Recollections of a regional gem
By Bibek Ranjan Maity
26th August 2012 12:00 AM
The Resignation, translation of the 1937 Hindi novel Tyagpatra by Jainendra Kumar, is an addition to India’s recent surge in translations into English. In its afterword, Mridula Garg comments on Jainendra’s use of his inimitable, conversational Hindi. The economy and depth of his language is striking and it has been preserved in the translation by Rohini Chowdhury.

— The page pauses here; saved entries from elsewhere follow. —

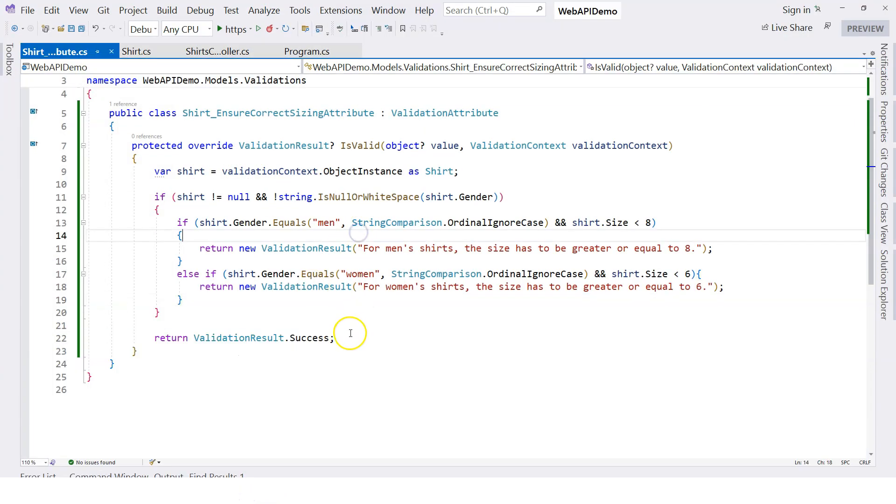This means that our validation attribute is actually working. And this video shows you how we can actually create our own validation attributes instead of solely relying on the data annotations. I hope this helps. And I'll see you in the next one.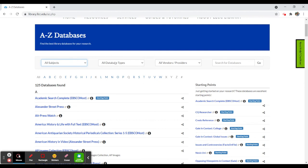You can also sort by database types. So if you're interested in databases that have primary resources or scholarly articles, you can limit just to those particular databases and then scroll through the resulting list to see which database may be best suited for your research needs.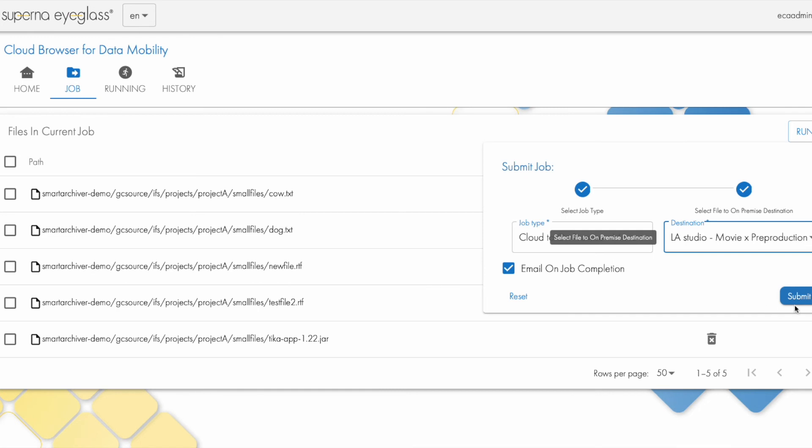So I could do that. Hit submit. It would show up over here in the running jobs, and then job history, of which both of these are filtered. So only the user who's logged in can see the jobs that they have submitted, either currently or the history of all the jobs that that particular user has submitted.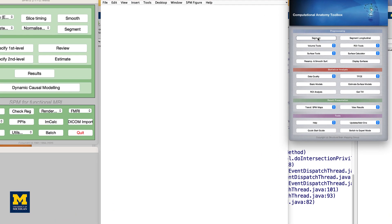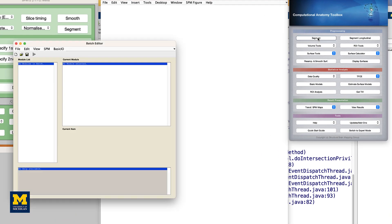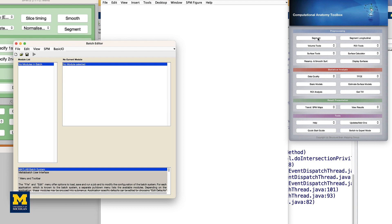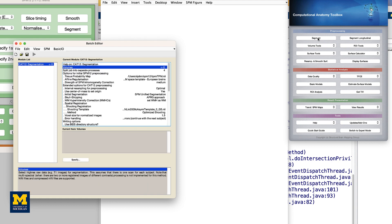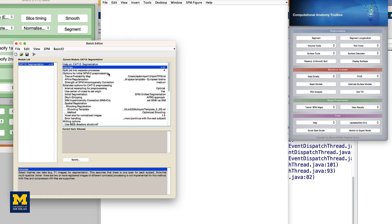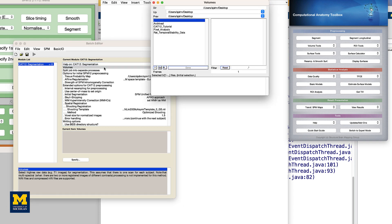This will open a new batch editor window. As you recall from the SPM12 tutorials, an X indicates the fields that need to be filled in before the module can be run.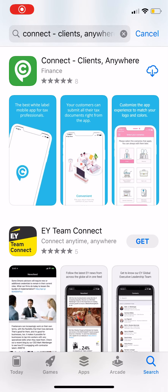Hey guys, I wanted to create this short video so you can see me create a sample return within Connect. That way you get a chance to see what the taxpayer sees as they're going through the process of uploading their documents to you. We'll go ahead and download Connect from the App Store. There's going to be a separate way for you guys to share your unique link, but for just the sake of this video to create a sample return, we'll go directly from the App Store.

Jainendra, born in 1905, is regarded as a leading light in Hindi literature. He won the Sahitya Academy award in 1965 for his novel Muktibodh and was awarded the Padma Bhushan in 1971. In Tyagpatra, Jainendra delves deep into the minds of the protagonist, Mrinal, and the narrator, Promod. This is a very sensitive and poignant story, saturated with deeper ethical questions. Pramod narrates the story starting and ending it under the pseudonym Sir M Dayal, who resigns from the post of Chief District Judge. He grows up as a little boy in the company of his aunt Mrinal, who is only four or five years older. His aunt is a very sensitive and independent-minded, good looking woman, who lost her parents at an early age and lives with his elder brother.

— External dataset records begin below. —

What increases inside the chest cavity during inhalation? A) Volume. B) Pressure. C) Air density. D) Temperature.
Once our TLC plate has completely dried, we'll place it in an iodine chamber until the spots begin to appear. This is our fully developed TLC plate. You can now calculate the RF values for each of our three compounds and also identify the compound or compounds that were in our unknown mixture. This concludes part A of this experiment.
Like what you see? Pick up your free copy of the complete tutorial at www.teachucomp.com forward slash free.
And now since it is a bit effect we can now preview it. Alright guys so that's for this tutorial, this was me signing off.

Promod is very devoted to his aunt and is her main confidante—in a relationship full of adolescence sensuality. Mrinal is attracted to the elder brother of Promod’s friend. Their romance grows stronger and she is often late returning from school. One day she is caught by his sister-in-law. She is caned mercilessly, debarred from going out of the house or to school and is soon married off to a stern and insensitive person. For Mrinal, a life of continuous turmoil and strife ensues. She can’t forget her first love. Her husband senses something and repeatedly canes her. She conceives and comes back to his elder brother’s house and attempts to abort the baby by taking some herb. Her condition worsens. Finally, her husband takes her away. Her life hereafter is full of contradictions.
Promod tries to answer ethical questions from a logical standpoint. Contrastingly, Mrinal finds solutions to her dilemmas in a very matter of fact manner. She has a masochistic trait that brings upon her miseries time and again. Benumbed by her interactions with the society, only (self-inflicted) extreme pain can make her feel she is alive. This makes for a surprisingly deep psychological novel, perhaps unequalled in Indian literature.
Her story, of a woman tied down by society, or a portrayal of a tormented human psyche, rings true across time and space. Jainendra’s work glitters like a long lost little gem.